### SUPPLIED ENTRIES ###

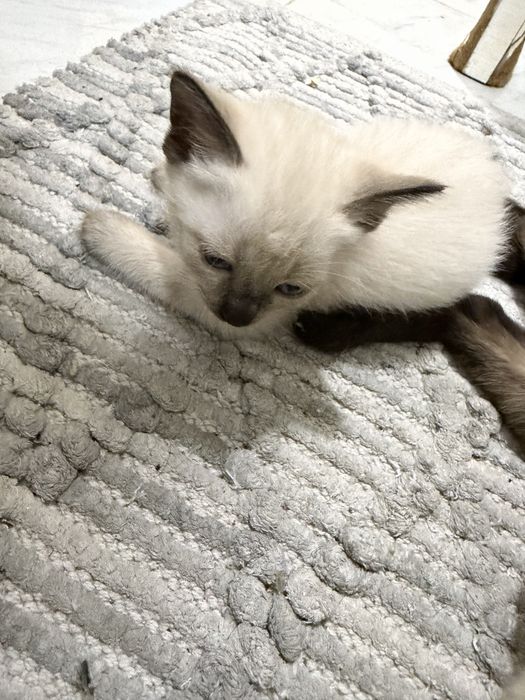 Gatos para adocão responsável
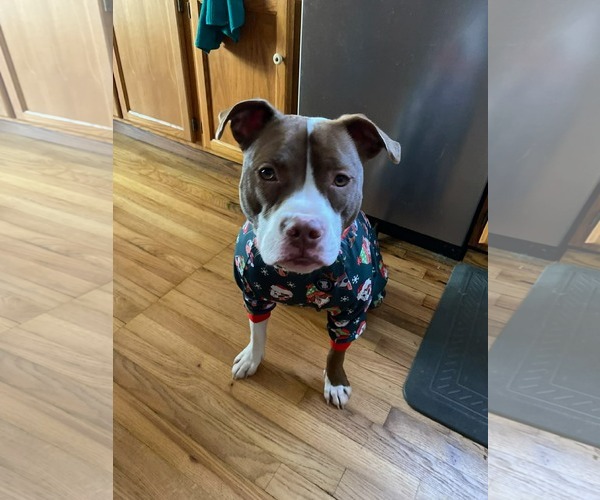 Medium Photo #6 American Pit Bull Terrier-Unknown Mix Puppy For Sale in Germantown, OH, USA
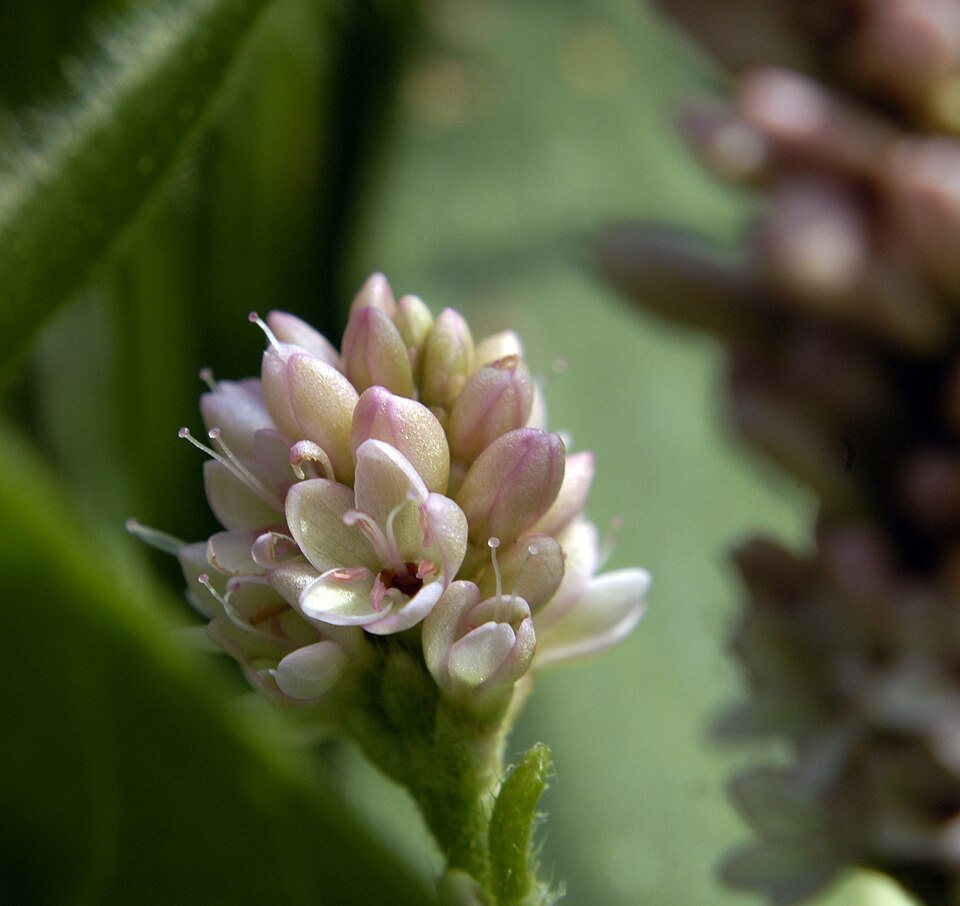 Persicaria pensylvanica (pinkweed) (alternate view 6)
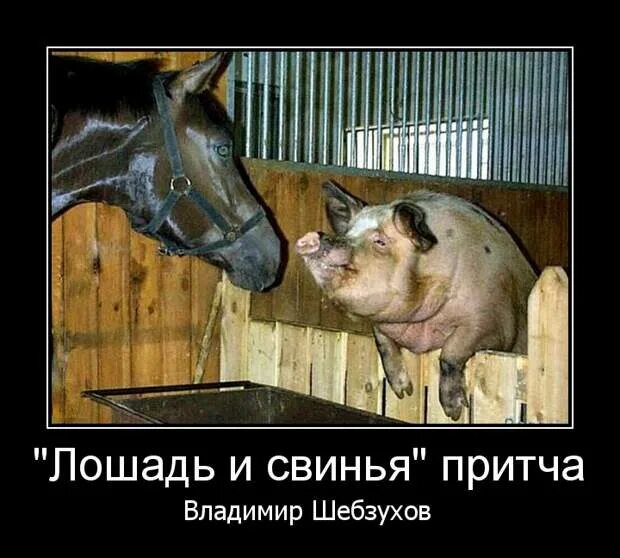 Гороскоп по годам животные. Иконки животных китайского гороскопа. Лошадь крыса и свинья. Корова и хрюшка. Знаки китайского зодиака силуэт.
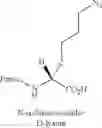 Fig. 71 - Peptidomimetic macrocycles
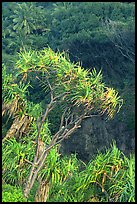 Pandanus trees  (Hawaiian Hala). Haleakala National Park, Hawaii, USA. (color)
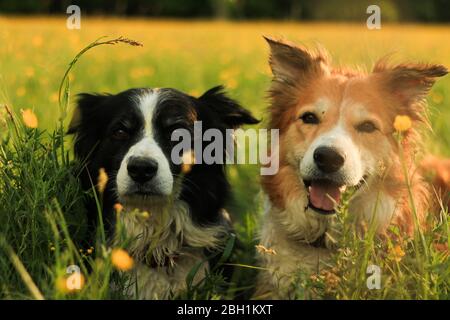 Deux collies border se trouvant dans la prairie Banque D'Images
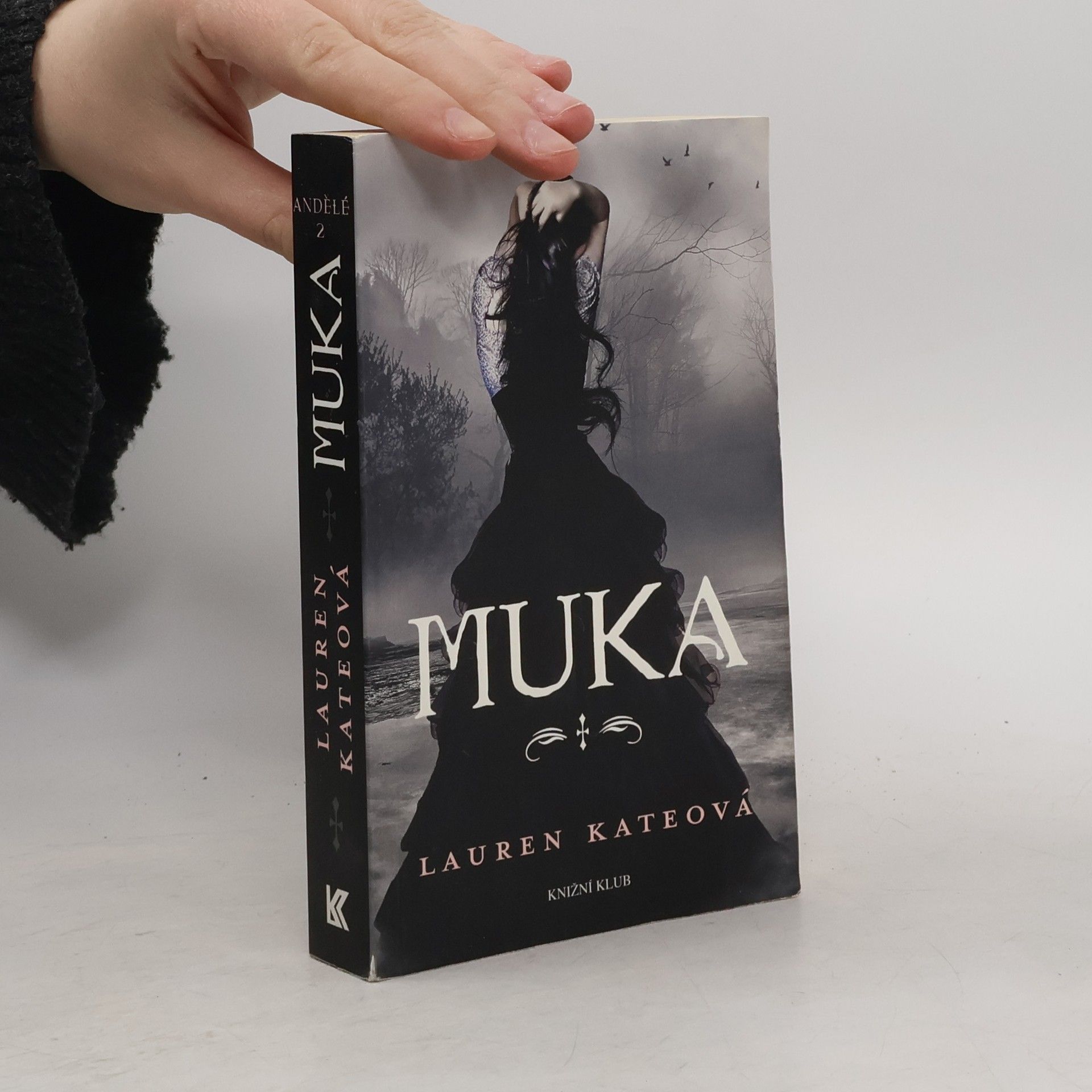 Lauren Kate Andělé 1.-4. díl, 4 svazky v boxu: Pád, Muka, Vytržení, Vykoupení.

###

◆ EXERCISE PROMPT ◆
Omitting the images, output each record precisely as written.

◆ RESPONSE ◆
 Gatos para adocão responsável
 Medium Photo #6 American Pit Bull Terrier-Unknown Mix Puppy For Sale in Germantown, OH, USA
 Persicaria pensylvanica (pinkweed) (alternate view 6)
 Гороскоп по годам животные. Иконки животных китайского гороскопа. Лошадь крыса и свинья. Корова и хрюшка. Знаки китайского зодиака силуэт.
 Fig. 71 - Peptidomimetic macrocycles
 Pandanus trees  (Hawaiian Hala). Haleakala National Park, Hawaii, USA. (color)
 Deux collies border se trouvant dans la prairie Banque D'Images
 Lauren Kate Andělé 1.-4. díl, 4 svazky v boxu: Pád, Muka, Vytržení, Vykoupení.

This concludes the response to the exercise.